▶ _WHAT THE TASK REQUIRES_:
This task calls for every entry below to be repeated exactly.

(Records from a data source)
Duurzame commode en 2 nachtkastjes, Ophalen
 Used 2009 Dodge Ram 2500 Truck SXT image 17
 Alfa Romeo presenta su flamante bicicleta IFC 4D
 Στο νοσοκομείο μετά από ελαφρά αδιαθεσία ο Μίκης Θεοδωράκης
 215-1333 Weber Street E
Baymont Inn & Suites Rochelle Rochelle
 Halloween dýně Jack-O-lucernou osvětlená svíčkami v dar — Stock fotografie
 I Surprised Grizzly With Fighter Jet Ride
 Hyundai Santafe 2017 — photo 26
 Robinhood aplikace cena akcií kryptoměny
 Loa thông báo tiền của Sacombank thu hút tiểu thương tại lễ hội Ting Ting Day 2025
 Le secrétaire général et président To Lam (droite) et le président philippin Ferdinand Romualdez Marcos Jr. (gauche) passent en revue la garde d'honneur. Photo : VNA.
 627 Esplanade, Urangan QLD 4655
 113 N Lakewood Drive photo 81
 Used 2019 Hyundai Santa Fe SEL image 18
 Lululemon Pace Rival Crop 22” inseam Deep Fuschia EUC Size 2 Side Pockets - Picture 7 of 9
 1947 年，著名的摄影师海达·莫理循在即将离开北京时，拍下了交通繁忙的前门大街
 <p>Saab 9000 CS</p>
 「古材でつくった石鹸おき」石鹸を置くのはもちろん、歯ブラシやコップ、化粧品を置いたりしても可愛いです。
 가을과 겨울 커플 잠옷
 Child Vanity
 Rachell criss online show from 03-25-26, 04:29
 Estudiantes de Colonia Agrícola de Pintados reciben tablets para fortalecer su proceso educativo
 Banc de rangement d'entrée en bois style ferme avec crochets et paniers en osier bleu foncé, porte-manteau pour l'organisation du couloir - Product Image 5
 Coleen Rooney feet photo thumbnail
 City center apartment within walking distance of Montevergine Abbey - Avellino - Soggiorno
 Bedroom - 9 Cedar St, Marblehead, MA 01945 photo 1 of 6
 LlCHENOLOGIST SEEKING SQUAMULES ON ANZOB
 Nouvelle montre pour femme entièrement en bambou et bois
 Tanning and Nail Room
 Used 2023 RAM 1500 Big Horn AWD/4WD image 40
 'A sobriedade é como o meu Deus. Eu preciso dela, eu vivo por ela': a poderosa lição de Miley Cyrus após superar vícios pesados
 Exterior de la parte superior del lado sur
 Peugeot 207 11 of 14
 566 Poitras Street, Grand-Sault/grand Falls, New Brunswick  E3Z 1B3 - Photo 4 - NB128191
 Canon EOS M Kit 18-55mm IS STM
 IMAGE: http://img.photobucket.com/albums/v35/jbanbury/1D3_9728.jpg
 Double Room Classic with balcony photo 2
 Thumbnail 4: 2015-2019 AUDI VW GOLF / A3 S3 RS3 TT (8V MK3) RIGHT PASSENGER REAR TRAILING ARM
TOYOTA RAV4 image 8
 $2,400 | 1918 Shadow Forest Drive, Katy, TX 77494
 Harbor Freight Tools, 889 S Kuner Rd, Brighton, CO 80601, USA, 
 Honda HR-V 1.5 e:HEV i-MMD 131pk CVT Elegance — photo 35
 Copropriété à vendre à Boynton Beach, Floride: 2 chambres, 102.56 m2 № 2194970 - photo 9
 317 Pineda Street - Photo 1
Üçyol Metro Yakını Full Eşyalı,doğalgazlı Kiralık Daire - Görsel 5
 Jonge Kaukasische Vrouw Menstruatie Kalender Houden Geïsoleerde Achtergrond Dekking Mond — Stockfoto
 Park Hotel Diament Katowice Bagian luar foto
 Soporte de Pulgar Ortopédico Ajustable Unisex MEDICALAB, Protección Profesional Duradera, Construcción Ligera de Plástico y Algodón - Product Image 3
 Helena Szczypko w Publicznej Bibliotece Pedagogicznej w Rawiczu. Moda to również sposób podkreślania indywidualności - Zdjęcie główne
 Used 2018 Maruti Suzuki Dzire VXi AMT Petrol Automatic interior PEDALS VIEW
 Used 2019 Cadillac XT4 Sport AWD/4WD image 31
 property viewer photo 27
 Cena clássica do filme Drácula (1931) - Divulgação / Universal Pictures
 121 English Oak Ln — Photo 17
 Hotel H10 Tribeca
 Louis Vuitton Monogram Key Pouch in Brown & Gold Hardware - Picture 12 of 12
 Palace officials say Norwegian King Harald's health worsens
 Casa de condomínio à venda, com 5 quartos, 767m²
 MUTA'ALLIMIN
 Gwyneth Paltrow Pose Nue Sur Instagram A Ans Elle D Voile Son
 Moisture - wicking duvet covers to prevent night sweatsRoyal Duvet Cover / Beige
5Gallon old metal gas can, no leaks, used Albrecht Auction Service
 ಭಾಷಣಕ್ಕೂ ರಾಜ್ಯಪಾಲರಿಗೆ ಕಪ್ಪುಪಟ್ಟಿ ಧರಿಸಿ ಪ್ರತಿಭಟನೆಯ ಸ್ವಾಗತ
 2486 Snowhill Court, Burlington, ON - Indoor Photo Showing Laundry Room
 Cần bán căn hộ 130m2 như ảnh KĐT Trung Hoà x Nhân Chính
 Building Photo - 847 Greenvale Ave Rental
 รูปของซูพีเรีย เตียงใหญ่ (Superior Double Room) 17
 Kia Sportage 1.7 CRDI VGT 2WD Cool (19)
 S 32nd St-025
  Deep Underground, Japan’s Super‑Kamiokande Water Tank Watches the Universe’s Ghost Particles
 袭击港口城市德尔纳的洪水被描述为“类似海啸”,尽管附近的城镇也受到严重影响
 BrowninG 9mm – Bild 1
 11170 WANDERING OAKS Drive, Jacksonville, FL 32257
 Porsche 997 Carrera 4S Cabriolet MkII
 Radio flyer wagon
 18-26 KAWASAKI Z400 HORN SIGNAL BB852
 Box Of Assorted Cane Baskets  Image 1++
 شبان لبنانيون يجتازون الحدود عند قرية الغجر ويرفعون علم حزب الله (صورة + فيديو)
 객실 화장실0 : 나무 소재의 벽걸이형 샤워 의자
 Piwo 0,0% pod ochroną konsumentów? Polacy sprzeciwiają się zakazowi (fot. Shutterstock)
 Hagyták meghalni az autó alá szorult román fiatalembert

▶ _ANSWER AREA_:
Duurzame commode en 2 nachtkastjes, Ophalen
 Used 2009 Dodge Ram 2500 Truck SXT image 17
 Alfa Romeo presenta su flamante bicicleta IFC 4D
 Στο νοσοκομείο μετά από ελαφρά αδιαθεσία ο Μίκης Θεοδωράκης
 215-1333 Weber Street E
Baymont Inn & Suites Rochelle Rochelle
 Halloween dýně Jack-O-lucernou osvětlená svíčkami v dar — Stock fotografie
 I Surprised Grizzly With Fighter Jet Ride
 Hyundai Santafe 2017 — photo 26
 Robinhood aplikace cena akcií kryptoměny
 Loa thông báo tiền của Sacombank thu hút tiểu thương tại lễ hội Ting Ting Day 2025
 Le secrétaire général et président To Lam (droite) et le président philippin Ferdinand Romualdez Marcos Jr. (gauche) passent en revue la garde d'honneur. Photo : VNA.
 627 Esplanade, Urangan QLD 4655
 113 N Lakewood Drive photo 81
 Used 2019 Hyundai Santa Fe SEL image 18
 Lululemon Pace Rival Crop 22” inseam Deep Fuschia EUC Size 2 Side Pockets - Picture 7 of 9
 1947 年，著名的摄影师海达·莫理循在即将离开北京时，拍下了交通繁忙的前门大街
 <p>Saab 9000 CS</p>
 「古材でつくった石鹸おき」石鹸を置くのはもちろん、歯ブラシやコップ、化粧品を置いたりしても可愛いです。
 가을과 겨울 커플 잠옷
 Child Vanity
 Rachell criss online show from 03-25-26, 04:29
 Estudiantes de Colonia Agrícola de Pintados reciben tablets para fortalecer su proceso educativo
 Banc de rangement d'entrée en bois style ferme avec crochets et paniers en osier bleu foncé, porte-manteau pour l'organisation du couloir - Product Image 5
 Coleen Rooney feet photo thumbnail
 City center apartment within walking distance of Montevergine Abbey - Avellino - Soggiorno
 Bedroom - 9 Cedar St, Marblehead, MA 01945 photo 1 of 6
 LlCHENOLOGIST SEEKING SQUAMULES ON ANZOB
 Nouvelle montre pour femme entièrement en bambou et bois
 Tanning and Nail Room
 Used 2023 RAM 1500 Big Horn AWD/4WD image 40
 'A sobriedade é como o meu Deus. Eu preciso dela, eu vivo por ela': a poderosa lição de Miley Cyrus após superar vícios pesados
 Exterior de la parte superior del lado sur
 Peugeot 207 11 of 14
 566 Poitras Street, Grand-Sault/grand Falls, New Brunswick  E3Z 1B3 - Photo 4 - NB128191
 Canon EOS M Kit 18-55mm IS STM
 IMAGE: http://img.photobucket.com/albums/v35/jbanbury/1D3_9728.jpg
 Double Room Classic with balcony photo 2
 Thumbnail 4: 2015-2019 AUDI VW GOLF / A3 S3 RS3 TT (8V MK3) RIGHT PASSENGER REAR TRAILING ARM
TOYOTA RAV4 image 8
 $2,400 | 1918 Shadow Forest Drive, Katy, TX 77494
 Harbor Freight Tools, 889 S Kuner Rd, Brighton, CO 80601, USA, 
 Honda HR-V 1.5 e:HEV i-MMD 131pk CVT Elegance — photo 35
 Copropriété à vendre à Boynton Beach, Floride: 2 chambres, 102.56 m2 № 2194970 - photo 9
 317 Pineda Street - Photo 1
Üçyol Metro Yakını Full Eşyalı,doğalgazlı Kiralık Daire - Görsel 5
 Jonge Kaukasische Vrouw Menstruatie Kalender Houden Geïsoleerde Achtergrond Dekking Mond — Stockfoto
 Park Hotel Diament Katowice Bagian luar foto
 Soporte de Pulgar Ortopédico Ajustable Unisex MEDICALAB, Protección Profesional Duradera, Construcción Ligera de Plástico y Algodón - Product Image 3
 Helena Szczypko w Publicznej Bibliotece Pedagogicznej w Rawiczu. Moda to również sposób podkreślania indywidualności - Zdjęcie główne
 Used 2018 Maruti Suzuki Dzire VXi AMT Petrol Automatic interior PEDALS VIEW
 Used 2019 Cadillac XT4 Sport AWD/4WD image 31
 property viewer photo 27
 Cena clássica do filme Drácula (1931) - Divulgação / Universal Pictures
 121 English Oak Ln — Photo 17
 Hotel H10 Tribeca
 Louis Vuitton Monogram Key Pouch in Brown & Gold Hardware - Picture 12 of 12
 Palace officials say Norwegian King Harald's health worsens
 Casa de condomínio à venda, com 5 quartos, 767m²
 MUTA'ALLIMIN
 Gwyneth Paltrow Pose Nue Sur Instagram A Ans Elle D Voile Son
 Moisture - wicking duvet covers to prevent night sweatsRoyal Duvet Cover / Beige
5Gallon old metal gas can, no leaks, used Albrecht Auction Service
 ಭಾಷಣಕ್ಕೂ ರಾಜ್ಯಪಾಲರಿಗೆ ಕಪ್ಪುಪಟ್ಟಿ ಧರಿಸಿ ಪ್ರತಿಭಟನೆಯ ಸ್ವಾಗತ
 2486 Snowhill Court, Burlington, ON - Indoor Photo Showing Laundry Room
 Cần bán căn hộ 130m2 như ảnh KĐT Trung Hoà x Nhân Chính
 Building Photo - 847 Greenvale Ave Rental
 รูปของซูพีเรีย เตียงใหญ่ (Superior Double Room) 17
 Kia Sportage 1.7 CRDI VGT 2WD Cool (19)
 S 32nd St-025
  Deep Underground, Japan’s Super‑Kamiokande Water Tank Watches the Universe’s Ghost Particles
 袭击港口城市德尔纳的洪水被描述为“类似海啸”,尽管附近的城镇也受到严重影响
 BrowninG 9mm – Bild 1
 11170 WANDERING OAKS Drive, Jacksonville, FL 32257
 Porsche 997 Carrera 4S Cabriolet MkII
 Radio flyer wagon
 18-26 KAWASAKI Z400 HORN SIGNAL BB852
 Box Of Assorted Cane Baskets  Image 1++
 شبان لبنانيون يجتازون الحدود عند قرية الغجر ويرفعون علم حزب الله (صورة + فيديو)
 객실 화장실0 : 나무 소재의 벽걸이형 샤워 의자
 Piwo 0,0% pod ochroną konsumentów? Polacy sprzeciwiają się zakazowi (fot. Shutterstock)
 Hagyták meghalni az autó alá szorult román fiatalembert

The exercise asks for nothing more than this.